Menurut Direktur Jenderal Bimbingan Masyarakat Islam Kementerian Agama Kamaruddin Amin, Kamis (24/8/2023), implementasi resolusi tersebut, yang mendorong toleransi, relevan dalam konteks global dan nasional. Hal ini karena kekerasan berbasis agama dan intoleransi masih jamak terjadi.
”Dalam konteks Indonesia, ini (toleransi) penting sekali. Sebagai negara bangsa yang sangat multikultural, sangat majemuk, serta sangat beragam agama dan kepercayaannya, ya, tentu toleransi jadi sangat fundamental. Ini jadi penentu sukses atau tidaknya kita dalam proses berbangsa dan bernegara,” kata Kamaruddin di Jakarta.
Adapun berdasarkan data Wahid Foundation selama 2018-2020, kekerasan, intoleransi, larangan beribadah, dan ujaran kebencian dilakukan aktor negara dan non-negara.

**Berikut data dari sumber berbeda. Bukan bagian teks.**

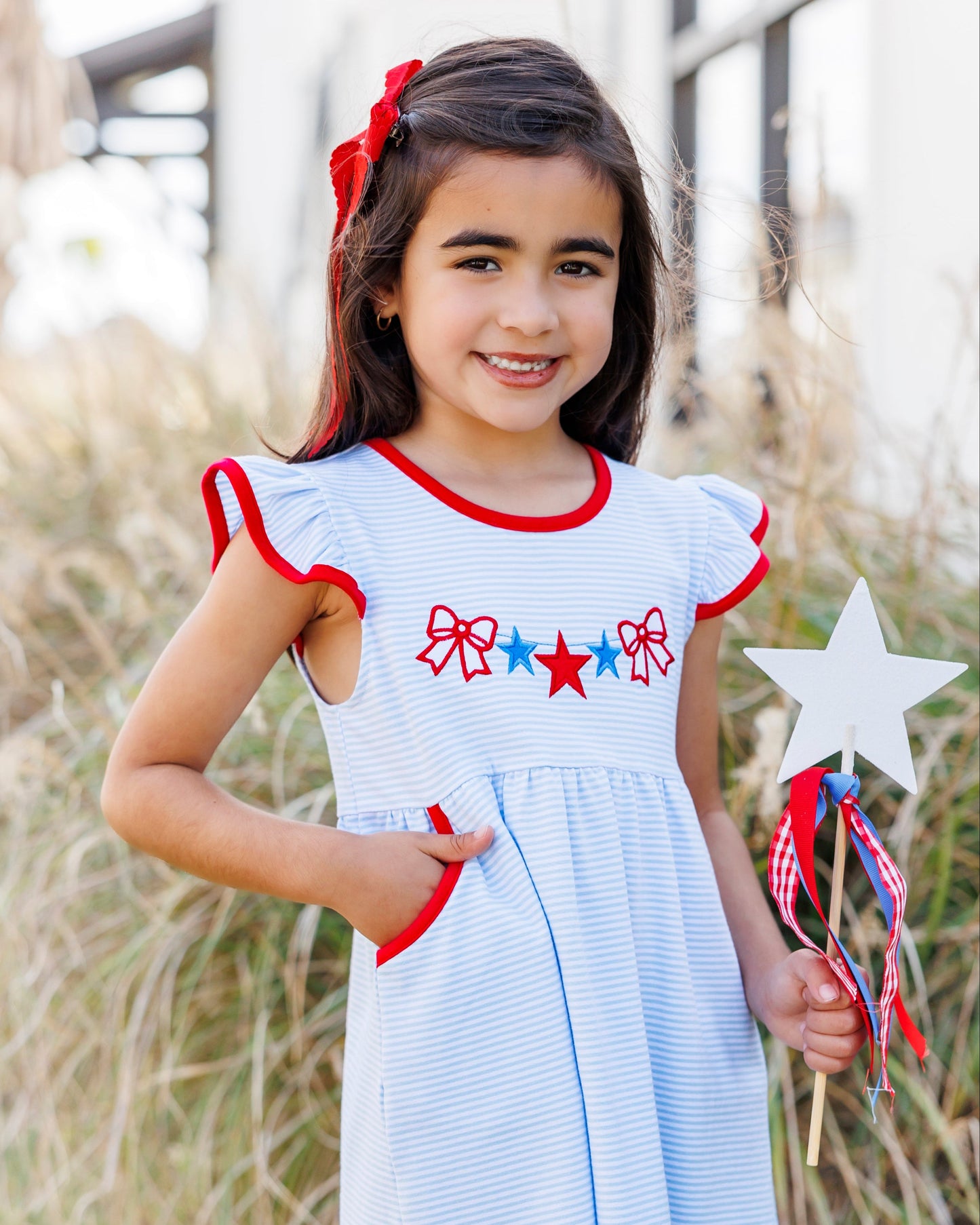 Jellybean by Smock Candy Stars, Stripes, & Bows Dress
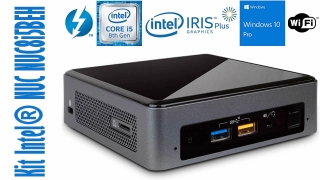 Intel NUC NUC8i5BEK Mini PC/HTPC, Intel Quad-Core i5-8259U 3,8 GHz, 16 GB DDR4, 1 TB m.2 SSD, WiFi, Bluetooth, Thunderbolt 3, soporte 4k, compatible con dos monitores, Windows 10 Pro  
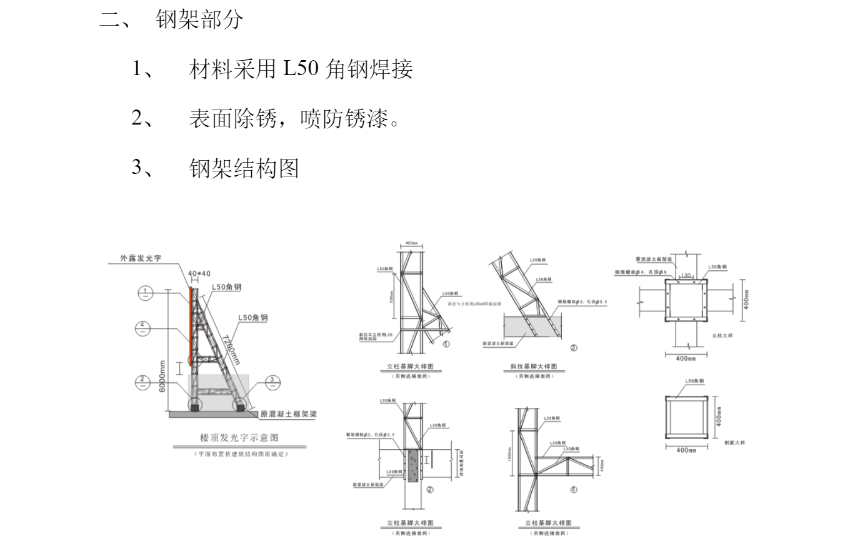 3月17日成都广告行业市场楼顶大字设计制作安装加工报价表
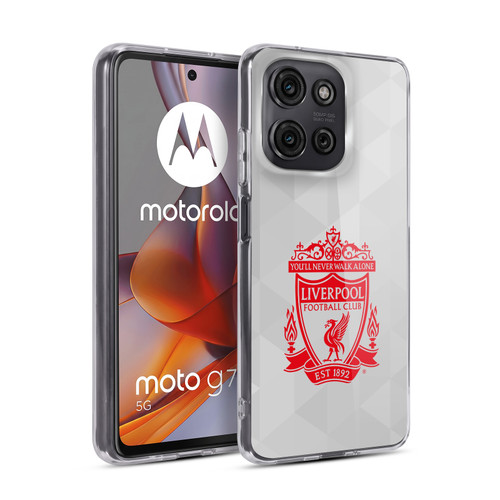 Liverpool Football Club Crest 1 White Geometric 2 Soft Gel Case for Motorola Moto G75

Pada periode itu, ada 1.420 pelanggaran kemerdekaan beragama dan berkeyakinan (KBB) oleh aktor non-negara dan 1.033 pelanggaran oleh aktor negara. Jenis pelanggaran yang dimaksud meliputi kekerasan, intimidasi, pelarangan beribadah, perusakan rumah ibadah, dan pelarangan pendirian rumah ibadah.
Ini (toleransi) jadi penentu sukses atau tidaknya kita dalam proses berbangsa dan bernegara.
Di sisi lain, Wahid Foundation juga mencatat praktik baik dan promosi toleransi yang tumbuh. Pada 2015-2018, ada 1.298 tindakan toleransi yang dilakukan aktor negara dan non-negara. Ada pula 11 tindakan advokasi kebijakan serta 44 tindakan advokasi agama dan keyakinan (Kompas, 14/9/2020).
Kamaruddin menambahkan, merawat budaya toleransi kian penting menjelang tahun politik. Hal ini butuh peran dari berbagai pihak, baik masyarakat maupun pemerintah.
”Kita sedang menghadapi tantangan besar (di) tahun politik ini, ya, tantangan keragaman, tantangan kepentingan politik, dan kepentingan jangka pendek oleh banyak sekali pihak sehingga kita mesti sama-sama merawatnya (toleransi),” katanya.
Menteri Agama Yaqut berpendapat, implementasi Resolusi Dewan HAM PBB 16/18 dapat mengatasi isu kemanusiaan akibat diskriminasi berbasis agama dan kepercayaan. ”Melalui spirit Resolusi 16/18 dalam mengatasi intoleransi dan diskriminasi berdasarkan agama, setiap warga negara secara bersama-sama mampu belajar dan memahami bahwa kebencian dan diskriminasi bukanlah bagian dari adab manusia,” katanya dalam keterangan tertulis.
Rencana pencalonan
Adapun JPD 2023 dinilai jadi momentum memperkuat budaya toleransi. Kegiatan ini juga sejalan dengan pencalonan Indonesia sebagai anggota Dewan HAM PBB periode 2024-2026. Pemilihan anggota Dewan HAM PBB akan berlangsung pada Oktober 2023.
Menurut Diplomat Ahli Madya Kementerian Luar Negeri Eleonora Tambunan, Indonesia punya rekam jejak positif dalam berbagai isu HAM. Misalnya, Indonesia menginisiasi sejumlah forum regional untuk membahas HAM dan inisiasi antipenyiksaan.
”Kami mau memajukan agenda HAM internasional, kemudian tetap mempertahankan prinsip-prinsip Dewan HAM yang nondiskriminasi, nonpolitisasi, serta memajukan kolaborasi antarbangsa untuk perlindungan dan penguatan HAM,” ucap Eleonora.